(Beginning of Supplied data)

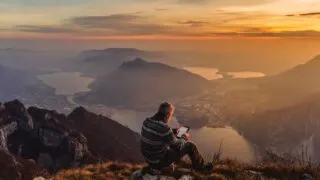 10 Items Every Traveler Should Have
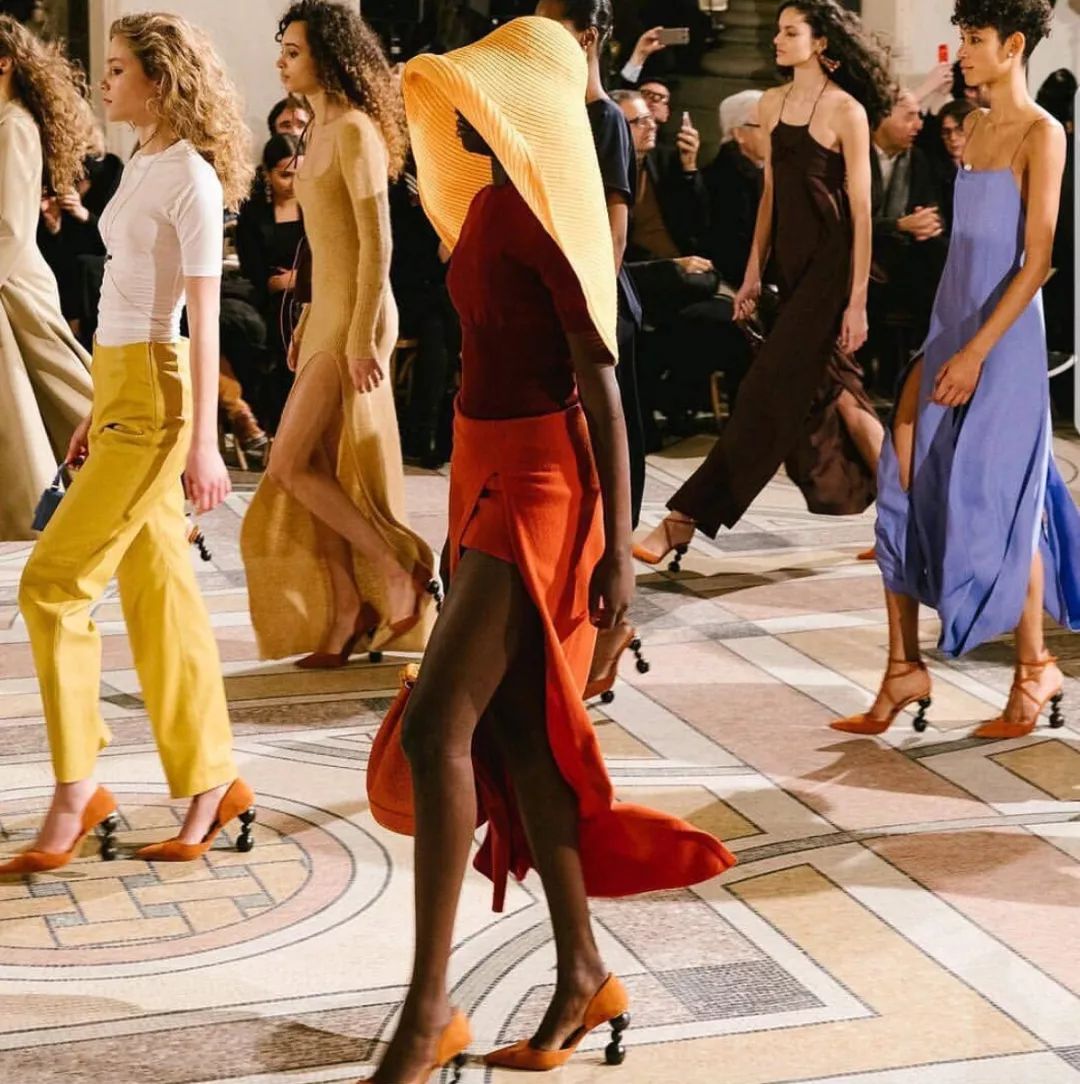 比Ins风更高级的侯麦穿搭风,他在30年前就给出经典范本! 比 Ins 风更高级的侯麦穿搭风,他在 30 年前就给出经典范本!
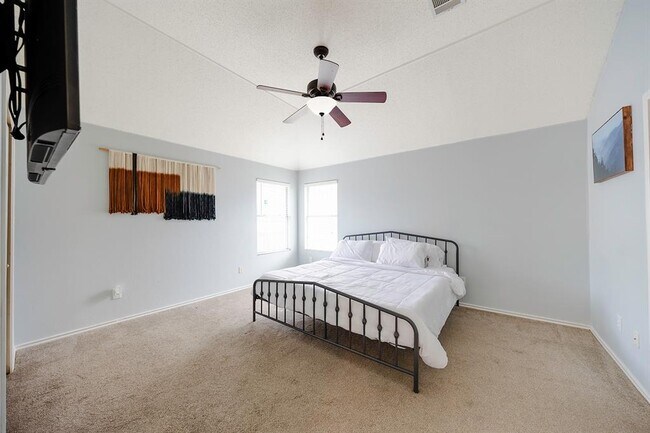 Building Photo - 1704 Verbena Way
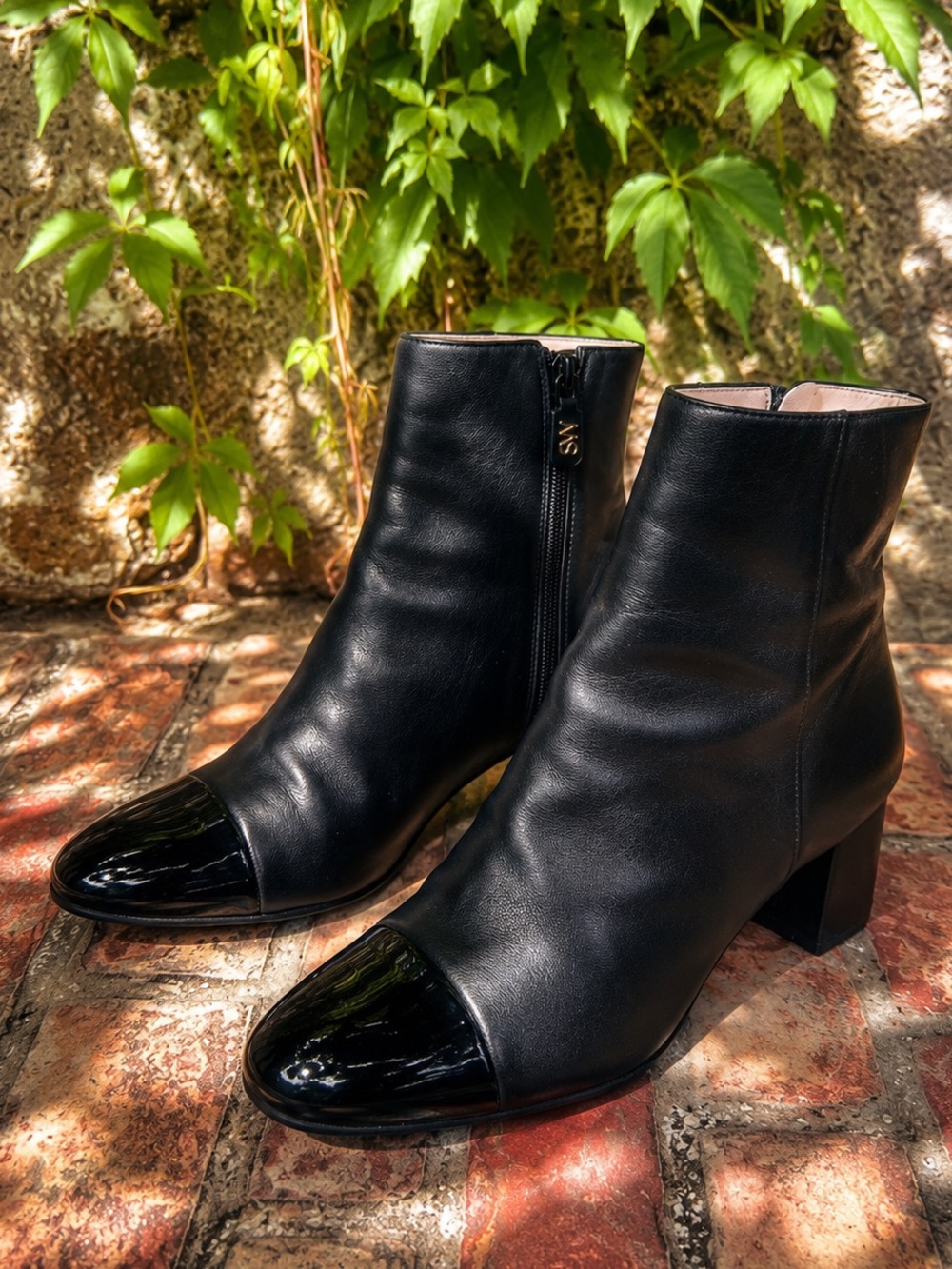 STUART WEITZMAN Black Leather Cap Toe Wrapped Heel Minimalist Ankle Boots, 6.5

(End of Supplied data)

• [What the exercise asks]
I would like the data copied exactly as it stands, with no pictures included.

• [Exercise output]
 10 Items Every Traveler Should Have
 比Ins风更高级的侯麦穿搭风,他在30年前就给出经典范本! 比 Ins 风更高级的侯麦穿搭风,他在 30 年前就给出经典范本!
 Building Photo - 1704 Verbena Way
 STUART WEITZMAN Black Leather Cap Toe Wrapped Heel Minimalist Ankle Boots, 6.5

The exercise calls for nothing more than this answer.